対して、今回の『らんまん』が面白いのは、朝ドラヒロインの優等生的な振る舞いを男性主人公の万太郎がおこなっていることだ。逆に、従来なら朝ドラヒロインにあたる万太郎の妻・寿恵子(浜辺美波)は、万太郎の夢を支える良妻賢母だが、同時に商売の才能を持った社交性のある大人の女性として描かれている。また、彼女は「南総里見八犬伝」を愛読し、作者の滝沢馬琴を尊敬するオタクとしても描かれており、このオタク性が時々滲み出ることが、寿恵子の魅力となっていた。

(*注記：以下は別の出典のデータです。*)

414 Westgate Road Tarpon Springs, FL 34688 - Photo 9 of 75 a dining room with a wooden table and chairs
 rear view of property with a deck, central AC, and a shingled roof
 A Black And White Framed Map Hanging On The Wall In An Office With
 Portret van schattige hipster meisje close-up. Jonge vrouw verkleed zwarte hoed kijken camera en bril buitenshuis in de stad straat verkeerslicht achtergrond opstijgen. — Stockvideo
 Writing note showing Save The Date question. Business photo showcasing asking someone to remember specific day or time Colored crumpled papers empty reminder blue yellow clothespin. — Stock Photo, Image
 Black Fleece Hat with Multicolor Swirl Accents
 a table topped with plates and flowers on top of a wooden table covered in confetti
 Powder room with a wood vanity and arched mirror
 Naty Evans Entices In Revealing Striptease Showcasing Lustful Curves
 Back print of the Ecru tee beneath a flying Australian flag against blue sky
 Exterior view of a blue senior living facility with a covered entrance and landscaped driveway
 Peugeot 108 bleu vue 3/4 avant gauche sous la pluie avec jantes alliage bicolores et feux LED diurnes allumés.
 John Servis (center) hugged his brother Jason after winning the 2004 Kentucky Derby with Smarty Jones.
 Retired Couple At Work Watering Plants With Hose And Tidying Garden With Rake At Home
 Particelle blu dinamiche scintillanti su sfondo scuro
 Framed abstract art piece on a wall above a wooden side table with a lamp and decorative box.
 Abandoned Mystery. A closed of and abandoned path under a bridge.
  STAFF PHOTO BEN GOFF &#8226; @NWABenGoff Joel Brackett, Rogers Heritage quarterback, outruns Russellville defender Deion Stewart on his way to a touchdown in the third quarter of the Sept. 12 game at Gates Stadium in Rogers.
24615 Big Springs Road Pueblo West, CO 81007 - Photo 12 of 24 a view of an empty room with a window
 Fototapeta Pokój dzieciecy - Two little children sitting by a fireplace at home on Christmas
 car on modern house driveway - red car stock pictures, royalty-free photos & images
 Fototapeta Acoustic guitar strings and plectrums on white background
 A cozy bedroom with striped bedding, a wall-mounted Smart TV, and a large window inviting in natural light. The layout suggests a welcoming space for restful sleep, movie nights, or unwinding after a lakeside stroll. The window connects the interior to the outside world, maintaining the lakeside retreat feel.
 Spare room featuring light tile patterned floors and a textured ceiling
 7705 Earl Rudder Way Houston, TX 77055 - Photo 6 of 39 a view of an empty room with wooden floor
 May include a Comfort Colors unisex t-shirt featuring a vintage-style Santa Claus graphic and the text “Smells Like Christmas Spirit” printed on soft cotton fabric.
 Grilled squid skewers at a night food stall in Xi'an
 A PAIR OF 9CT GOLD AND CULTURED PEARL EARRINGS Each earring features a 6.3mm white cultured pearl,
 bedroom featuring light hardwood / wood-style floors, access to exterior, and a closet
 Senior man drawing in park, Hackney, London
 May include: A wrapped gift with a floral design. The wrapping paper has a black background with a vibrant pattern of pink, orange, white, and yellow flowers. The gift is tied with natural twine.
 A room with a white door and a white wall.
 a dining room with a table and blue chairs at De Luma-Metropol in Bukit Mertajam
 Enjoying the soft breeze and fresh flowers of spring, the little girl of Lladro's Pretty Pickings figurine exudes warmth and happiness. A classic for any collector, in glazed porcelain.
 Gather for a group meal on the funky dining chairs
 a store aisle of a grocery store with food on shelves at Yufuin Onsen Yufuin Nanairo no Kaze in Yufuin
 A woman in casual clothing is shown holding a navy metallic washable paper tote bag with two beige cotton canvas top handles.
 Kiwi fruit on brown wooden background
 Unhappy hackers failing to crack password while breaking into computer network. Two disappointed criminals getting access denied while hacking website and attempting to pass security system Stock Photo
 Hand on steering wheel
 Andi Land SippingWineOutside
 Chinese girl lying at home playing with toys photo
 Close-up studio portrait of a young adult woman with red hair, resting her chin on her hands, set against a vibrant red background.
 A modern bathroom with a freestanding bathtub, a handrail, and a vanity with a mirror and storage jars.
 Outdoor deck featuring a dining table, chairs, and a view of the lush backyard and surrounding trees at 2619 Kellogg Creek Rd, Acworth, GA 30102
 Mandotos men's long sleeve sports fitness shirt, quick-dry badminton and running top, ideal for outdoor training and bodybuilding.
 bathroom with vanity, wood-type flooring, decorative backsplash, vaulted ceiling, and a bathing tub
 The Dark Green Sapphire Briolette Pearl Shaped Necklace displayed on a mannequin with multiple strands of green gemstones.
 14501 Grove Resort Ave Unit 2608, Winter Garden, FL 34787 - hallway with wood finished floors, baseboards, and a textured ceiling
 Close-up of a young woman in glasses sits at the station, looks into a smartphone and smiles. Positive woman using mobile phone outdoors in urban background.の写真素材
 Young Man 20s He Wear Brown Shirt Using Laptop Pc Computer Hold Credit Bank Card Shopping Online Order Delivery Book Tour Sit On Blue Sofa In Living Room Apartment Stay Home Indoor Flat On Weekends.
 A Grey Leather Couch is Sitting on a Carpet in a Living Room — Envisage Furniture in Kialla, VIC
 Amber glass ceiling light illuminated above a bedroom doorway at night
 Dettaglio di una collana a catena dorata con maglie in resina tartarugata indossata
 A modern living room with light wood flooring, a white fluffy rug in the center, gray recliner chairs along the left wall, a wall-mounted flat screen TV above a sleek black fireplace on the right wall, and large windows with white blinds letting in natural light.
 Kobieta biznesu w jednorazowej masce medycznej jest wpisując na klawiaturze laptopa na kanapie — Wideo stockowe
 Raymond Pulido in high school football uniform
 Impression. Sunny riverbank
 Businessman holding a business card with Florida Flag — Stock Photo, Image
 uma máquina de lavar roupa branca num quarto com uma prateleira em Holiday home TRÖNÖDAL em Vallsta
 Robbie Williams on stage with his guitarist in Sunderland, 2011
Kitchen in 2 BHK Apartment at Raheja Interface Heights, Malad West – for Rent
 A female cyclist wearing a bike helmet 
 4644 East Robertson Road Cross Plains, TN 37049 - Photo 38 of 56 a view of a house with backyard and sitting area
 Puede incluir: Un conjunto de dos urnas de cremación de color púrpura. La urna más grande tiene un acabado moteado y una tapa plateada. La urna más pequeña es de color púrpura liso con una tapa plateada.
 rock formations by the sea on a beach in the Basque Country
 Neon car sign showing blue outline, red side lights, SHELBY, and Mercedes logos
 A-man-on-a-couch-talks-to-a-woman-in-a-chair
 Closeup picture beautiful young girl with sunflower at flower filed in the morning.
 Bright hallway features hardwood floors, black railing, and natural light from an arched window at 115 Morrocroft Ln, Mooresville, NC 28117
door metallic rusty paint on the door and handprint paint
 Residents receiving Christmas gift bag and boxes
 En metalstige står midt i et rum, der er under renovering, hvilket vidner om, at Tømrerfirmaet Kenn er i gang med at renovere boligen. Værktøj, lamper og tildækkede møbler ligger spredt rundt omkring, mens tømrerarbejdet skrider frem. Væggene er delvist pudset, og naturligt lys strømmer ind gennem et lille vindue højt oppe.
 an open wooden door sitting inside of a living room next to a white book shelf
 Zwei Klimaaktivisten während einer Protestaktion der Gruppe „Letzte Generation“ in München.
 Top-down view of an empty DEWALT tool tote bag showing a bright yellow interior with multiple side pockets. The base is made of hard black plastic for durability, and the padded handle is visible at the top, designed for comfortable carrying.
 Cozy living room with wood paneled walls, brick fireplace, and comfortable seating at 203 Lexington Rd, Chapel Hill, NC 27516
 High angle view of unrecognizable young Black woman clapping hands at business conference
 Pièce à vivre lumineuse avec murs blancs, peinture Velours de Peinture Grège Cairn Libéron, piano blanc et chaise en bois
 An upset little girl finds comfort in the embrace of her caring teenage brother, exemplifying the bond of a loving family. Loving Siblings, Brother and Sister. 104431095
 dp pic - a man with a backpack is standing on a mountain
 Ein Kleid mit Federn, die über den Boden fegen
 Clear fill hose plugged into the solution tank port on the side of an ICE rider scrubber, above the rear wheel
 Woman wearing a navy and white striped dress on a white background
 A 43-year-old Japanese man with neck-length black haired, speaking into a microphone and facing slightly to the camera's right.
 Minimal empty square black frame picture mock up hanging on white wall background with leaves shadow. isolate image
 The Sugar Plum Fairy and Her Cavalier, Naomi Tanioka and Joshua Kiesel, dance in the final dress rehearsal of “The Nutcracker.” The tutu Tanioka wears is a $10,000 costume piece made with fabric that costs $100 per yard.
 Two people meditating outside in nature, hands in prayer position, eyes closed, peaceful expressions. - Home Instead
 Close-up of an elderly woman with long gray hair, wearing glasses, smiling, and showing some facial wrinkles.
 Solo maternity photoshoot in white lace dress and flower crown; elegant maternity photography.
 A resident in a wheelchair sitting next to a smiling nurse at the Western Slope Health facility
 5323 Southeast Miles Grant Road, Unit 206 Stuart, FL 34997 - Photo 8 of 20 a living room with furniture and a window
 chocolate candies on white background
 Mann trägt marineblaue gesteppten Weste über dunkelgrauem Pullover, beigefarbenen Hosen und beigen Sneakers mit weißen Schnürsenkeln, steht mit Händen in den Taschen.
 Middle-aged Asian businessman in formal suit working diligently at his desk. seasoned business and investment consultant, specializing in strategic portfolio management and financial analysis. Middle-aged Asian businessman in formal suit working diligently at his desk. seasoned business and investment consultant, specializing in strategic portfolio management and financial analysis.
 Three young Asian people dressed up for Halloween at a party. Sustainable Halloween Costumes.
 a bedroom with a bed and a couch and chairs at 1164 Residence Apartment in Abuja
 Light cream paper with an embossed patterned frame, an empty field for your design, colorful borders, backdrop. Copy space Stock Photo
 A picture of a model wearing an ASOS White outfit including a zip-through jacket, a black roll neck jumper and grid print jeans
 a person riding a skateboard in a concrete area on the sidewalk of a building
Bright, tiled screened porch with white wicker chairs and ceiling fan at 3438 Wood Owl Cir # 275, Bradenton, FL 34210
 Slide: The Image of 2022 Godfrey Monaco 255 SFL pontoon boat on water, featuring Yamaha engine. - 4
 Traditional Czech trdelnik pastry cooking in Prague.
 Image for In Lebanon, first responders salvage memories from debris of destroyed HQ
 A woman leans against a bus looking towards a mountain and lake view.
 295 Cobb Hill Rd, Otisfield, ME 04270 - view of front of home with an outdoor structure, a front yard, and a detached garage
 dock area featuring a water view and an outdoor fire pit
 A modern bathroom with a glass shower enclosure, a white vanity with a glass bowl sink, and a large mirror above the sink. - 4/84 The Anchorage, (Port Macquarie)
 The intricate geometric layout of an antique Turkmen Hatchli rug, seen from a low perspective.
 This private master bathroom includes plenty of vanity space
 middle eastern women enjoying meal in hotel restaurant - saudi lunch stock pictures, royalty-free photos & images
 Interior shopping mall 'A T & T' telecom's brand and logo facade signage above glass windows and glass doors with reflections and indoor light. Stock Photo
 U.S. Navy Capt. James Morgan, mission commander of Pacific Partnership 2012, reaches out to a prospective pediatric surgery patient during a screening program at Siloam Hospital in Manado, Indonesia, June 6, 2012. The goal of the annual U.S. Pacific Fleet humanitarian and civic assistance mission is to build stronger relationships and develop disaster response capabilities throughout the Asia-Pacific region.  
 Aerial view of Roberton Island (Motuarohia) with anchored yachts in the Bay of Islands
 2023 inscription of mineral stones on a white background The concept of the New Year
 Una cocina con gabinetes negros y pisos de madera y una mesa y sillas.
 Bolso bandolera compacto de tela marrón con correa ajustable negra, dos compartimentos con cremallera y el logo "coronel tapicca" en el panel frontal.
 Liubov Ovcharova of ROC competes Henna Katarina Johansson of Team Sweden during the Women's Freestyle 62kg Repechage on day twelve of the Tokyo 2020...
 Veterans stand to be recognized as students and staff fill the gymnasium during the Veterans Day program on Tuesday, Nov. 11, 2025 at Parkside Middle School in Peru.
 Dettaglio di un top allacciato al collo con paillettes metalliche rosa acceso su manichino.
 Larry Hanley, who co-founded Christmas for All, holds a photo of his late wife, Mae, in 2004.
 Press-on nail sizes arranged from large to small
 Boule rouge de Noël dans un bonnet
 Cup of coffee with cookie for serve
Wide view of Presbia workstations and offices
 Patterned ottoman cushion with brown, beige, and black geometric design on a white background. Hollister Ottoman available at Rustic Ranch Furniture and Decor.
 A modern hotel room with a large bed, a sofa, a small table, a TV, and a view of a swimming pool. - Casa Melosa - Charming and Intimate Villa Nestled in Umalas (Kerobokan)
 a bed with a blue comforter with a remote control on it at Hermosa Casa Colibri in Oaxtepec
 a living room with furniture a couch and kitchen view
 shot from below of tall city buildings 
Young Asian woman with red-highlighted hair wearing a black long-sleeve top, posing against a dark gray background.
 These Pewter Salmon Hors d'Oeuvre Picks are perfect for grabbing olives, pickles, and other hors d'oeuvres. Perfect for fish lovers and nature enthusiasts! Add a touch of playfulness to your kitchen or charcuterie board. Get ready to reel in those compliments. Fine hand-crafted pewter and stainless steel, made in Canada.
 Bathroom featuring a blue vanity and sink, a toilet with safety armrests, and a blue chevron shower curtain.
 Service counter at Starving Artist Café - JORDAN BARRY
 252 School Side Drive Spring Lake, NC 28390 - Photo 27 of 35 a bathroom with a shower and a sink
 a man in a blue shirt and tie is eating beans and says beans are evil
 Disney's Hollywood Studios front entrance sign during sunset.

1961年からスタートした朝ドラのほとんどは、女性が主人公のドラマだったが、男性主人公の朝ドラに挑戦する試みは何度も試されている。近年では2020年上半期に窪田正孝が主演を務めた『エール』が記憶に新しいが、どの作品も成功モデルを生み出せたとは言えず、男性主人公の朝ドラは、なかなか定着しなかった。しかし、男性主人公の造形を朝ドラヒロインの典型に当てはめることで『らんまん』は男性主人公の朝ドラを成立させた。
もちろんこの偉業は、神木隆之介の存在に負うところが大きいが、そのことを差し引いても、朝ドラにとっては偉大な達成である。今後『らんまん』をモデルにして、男性主人公の朝ドラが定期的に作られるようになっていくのではないかと思う。